“The power of sensory discrimination methods” (PSDM) was published in this journal in 1993. PSDM clarified the need for power considerations in the interpretation of testing results while providing a series of sample size tables. Despite the fact that the data considered in PSDM were binomially distributed, a normal approximation was used that both overestimated power and underestimated sample sizes. Although exact power functions have been examined in the sensory literature, the unusual behavior of these functions has not been embraced; the fact that increasing sample size can decrease power has not yet been incorporated into stable sample size recommendations. In this paper, we provide sample size recommendations with the property that any larger sample sizes also have the desired level of power. These recommendations are given in the form of tables updating those found in PSDM. In addition, a relatively new discrimination testing method known as the tetrad test has grown in popularity recently and this test now needs to be examined from a power perspective. We show that the tetrad test is remarkably powerful for an unspecified test and in some cases only requires one third the sample size as that required by the triangle test.
PRACTICAL APPLICATIONS
This paper contains three main practical applications.
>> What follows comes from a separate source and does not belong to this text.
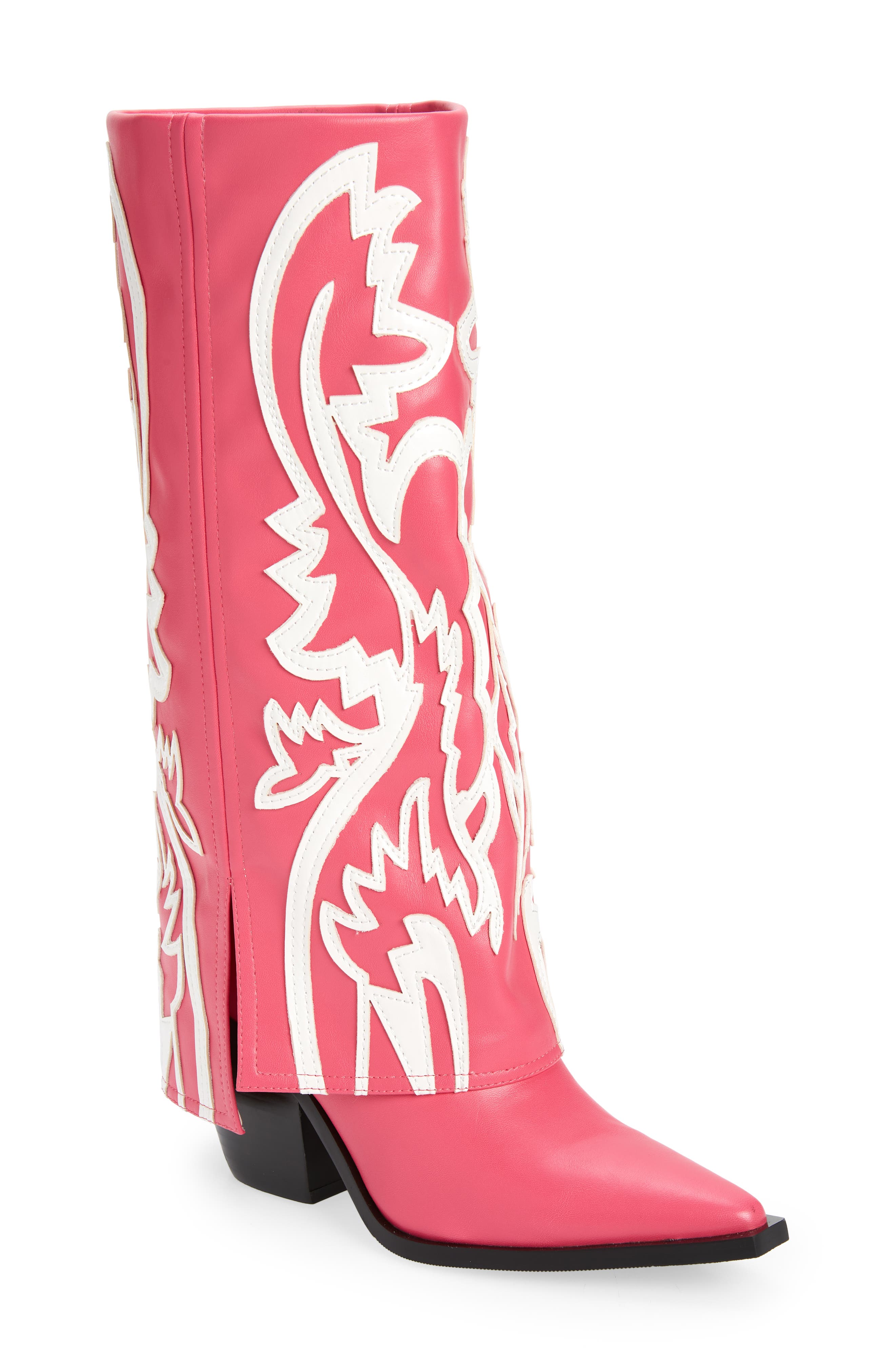 AZALEA WANG Simply Foldover Shaft Boot, Main, color,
First, we provide sample size recommendations, including tables, based on the exact power function as determined by the binomial distribution. In particular, this paper is the first to provide exact sample size recommendations such that all larger sample sizes continue to have the desired level of power. Next, we use the exact power analysis to recommend that only the 2‐alternative forced choice (AFC); instead of, for example, the 3‐AFC or the specified tetrad test be used for forced choice testing in which an attribute of interest is specified to distinguish the samples. Finally, we provide a power analysis of the unspecified tetrad test for the first time in the sensory literature and show that in some cases, the tetrad test only requires one third the sample size as the triangle test. This last point could lead to both significant resource savings and improved confidence for researchers throughout sensory science.